# DATA BLOCK
---
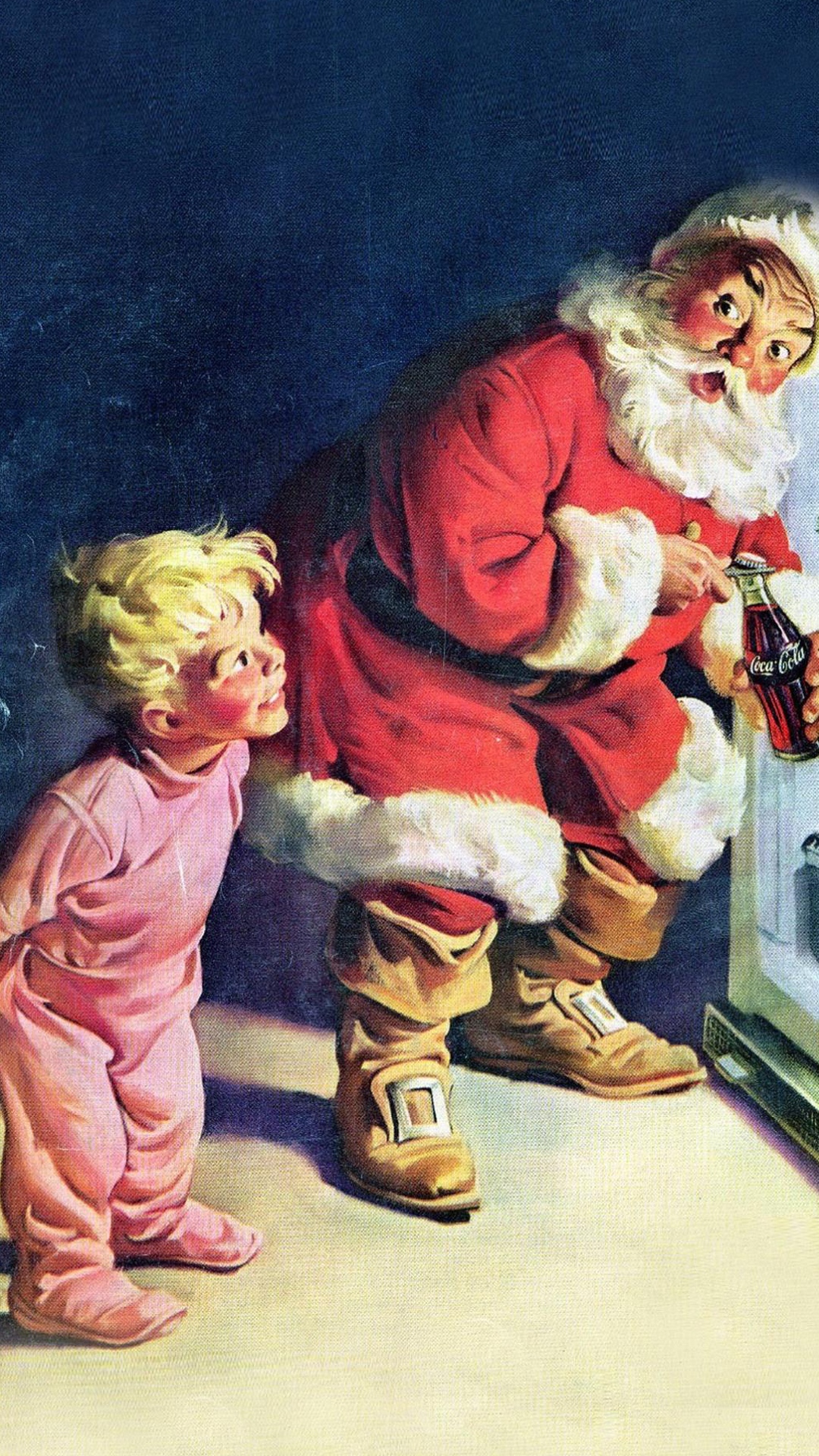 圣诞老人可口可乐冰箱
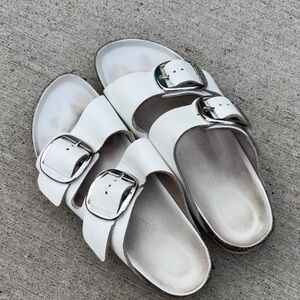 White Sandals with Silver Buckles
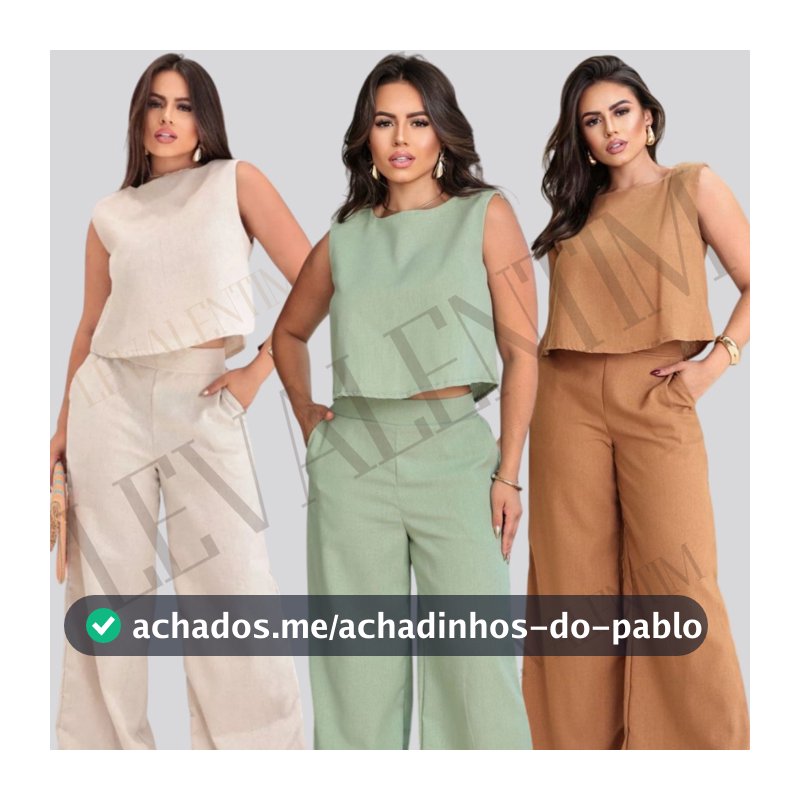 Conjunto Alfaiataria Social Feminino Calça e Blusa Em Linho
---
# TASK STATEMENT
The expected output is an exact copy of the lines from the one holding "White Sandals with Silver Buckles" through the last line of the listing above, with the pictures omitted.

# COMPLETED EXERCISE
 White Sandals with Silver Buckles
 Conjunto Alfaiataria Social Feminino Calça e Blusa Em Linho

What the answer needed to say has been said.